**Extracted material**
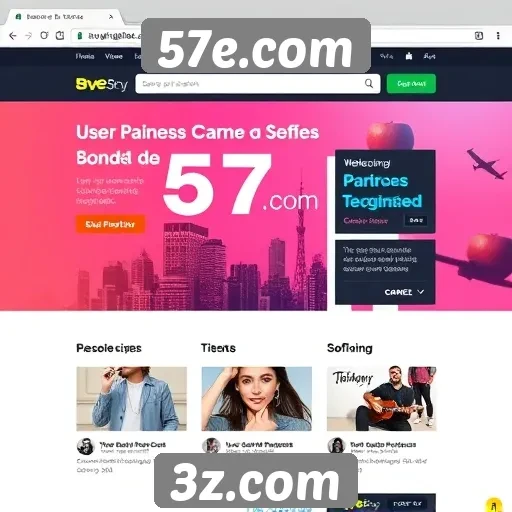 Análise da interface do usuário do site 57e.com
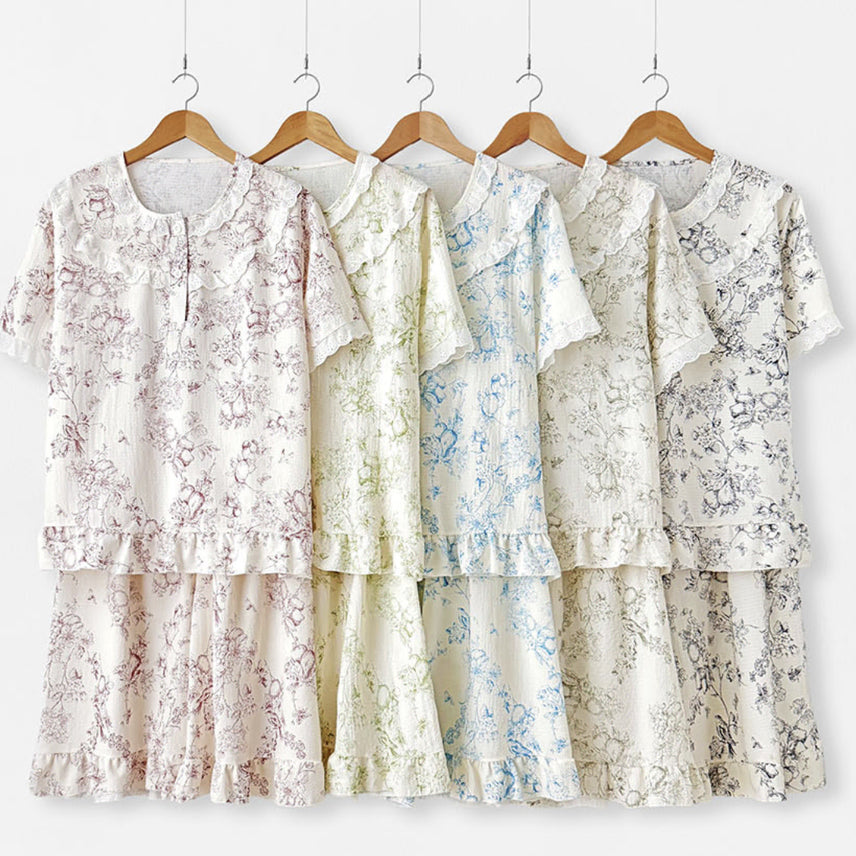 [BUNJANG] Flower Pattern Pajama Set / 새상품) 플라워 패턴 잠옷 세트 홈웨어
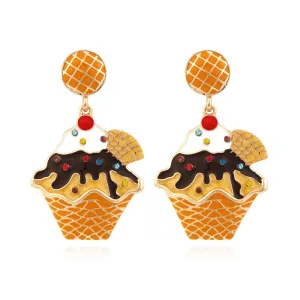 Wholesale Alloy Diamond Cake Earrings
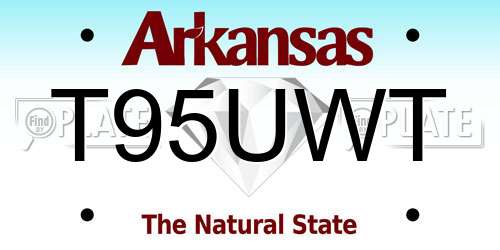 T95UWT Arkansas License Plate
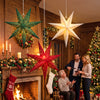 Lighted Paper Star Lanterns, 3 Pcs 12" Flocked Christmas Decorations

...

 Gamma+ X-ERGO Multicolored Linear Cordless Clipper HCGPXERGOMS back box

---

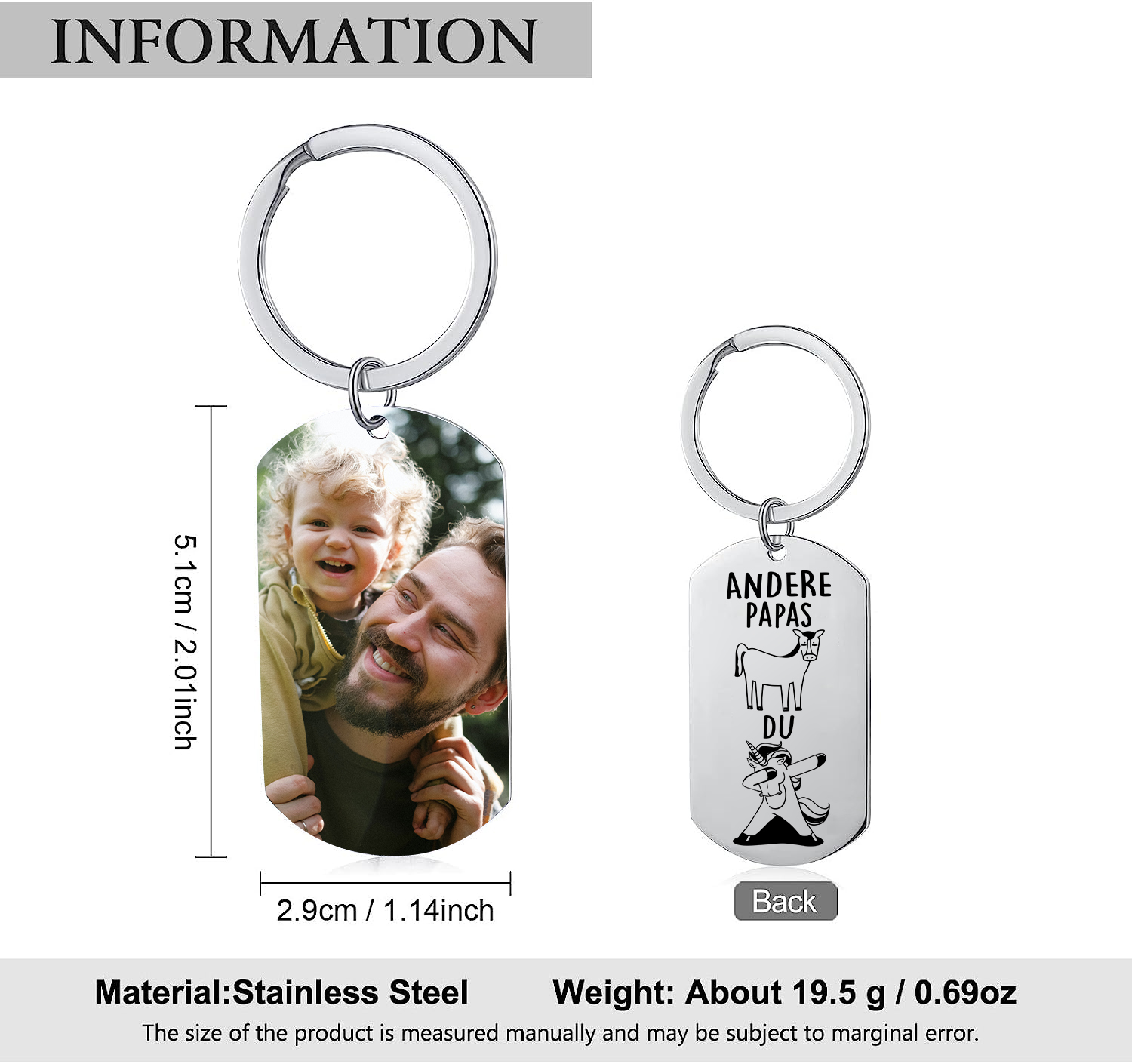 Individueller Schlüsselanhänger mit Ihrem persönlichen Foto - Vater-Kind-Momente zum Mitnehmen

**Task to complete**
Would you output only the span of the records above that opens with the line containing "Análise da interface" and closes with the line containing "Lighted Paper Star", ends included and pictures dropped?

**Result below**
 Análise da interface do usuário do site 57e.com
 [BUNJANG] Flower Pattern Pajama Set / 새상품) 플라워 패턴 잠옷 세트 홈웨어
 Wholesale Alloy Diamond Cake Earrings
 T95UWT Arkansas License Plate
 Lighted Paper Star Lanterns, 3 Pcs 12" Flocked Christmas Decorations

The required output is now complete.